Questioning Your Faith? Humility May Help

As we age, we begin to question a lot, including our religion. Recent research points to humility as a tool to healthily navigate the process.

Despairing older man on a dark background

Read Time: 2 minutes


We are all aging every day. Many of us fixate on the physical aspects of the aging process: grey hairs, wrinkles, aches, and pains. We may try not to think about what happens after we die.

It is natural for us to question our futures, and in turn, our religious beliefs. However, this introspection may lead to distress, anxiety, and depression.

How can we successfully navigate the process of confronting our own impermanence?

Some psychologists suggest we should practice humility. Humble people exhibit modesty, honesty, curiosity, and gratitude. These traits allow us to create strong social bonds with others and, therefore, seek support when we don’t have the answers to life’s many questions.

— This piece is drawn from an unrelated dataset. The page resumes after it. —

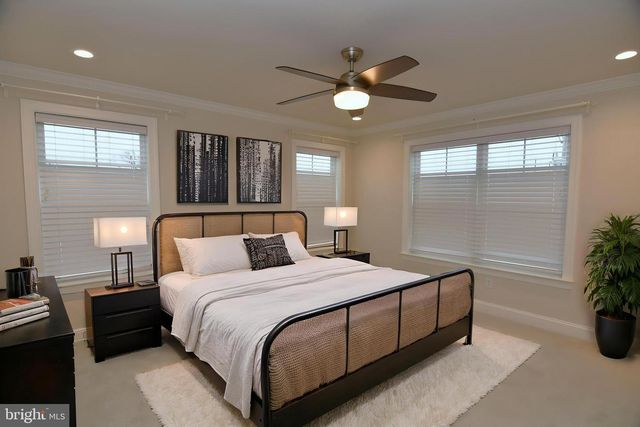 2 WARREN DR, Chalfont, PA 18914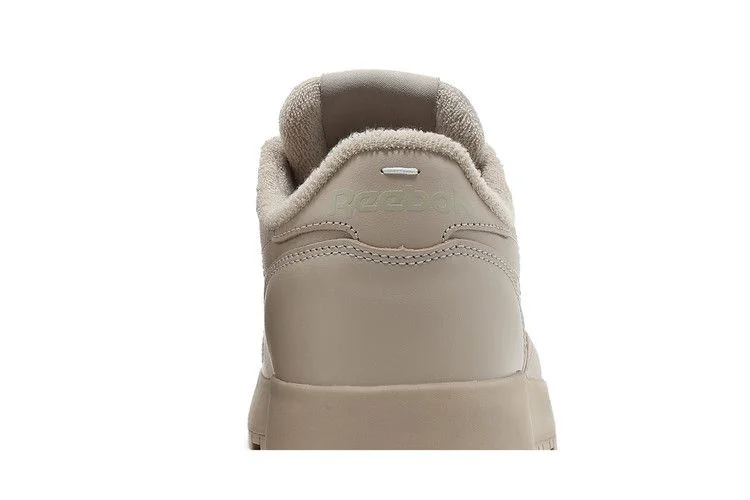 Кроссовки Maison Margiela x Reebok Classic Leather Tabi 'Natural'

Laura Upenieks and Christopher G. Ellison demonstrated the importance of humility later in life through a survey of Christian adults over the age of 65. The researchers first asked participants how often they questioned their beliefs and religious practices. They then asked participants how likely they were to practice acts of humility, such as admitting their mistakes and acknowledging the skills of others.

Participants received scores for religious doubt and humility. The research team used the Center for Epidemiologic Studies Depression Scale to measure depressive symptoms; high-scoring individuals demonstrated the strongest symptoms.

Line graph depicting the relationship between humility, religious doubt, and depressive symptoms

The graph above models the relationship between religious doubt and depressive symptoms. Individuals with high religious doubt demonstrated more depressive symptoms than those with low doubt. Those that demonstrated high levels of humility, shown in the black line, exhibited lower levels of depressive symptoms.

Upenieks and Ellison suggest that in moments of questioning, we can practice humility by reaching out to others for support and comfort. If we do, we may be able to approach existential questions with tranquility.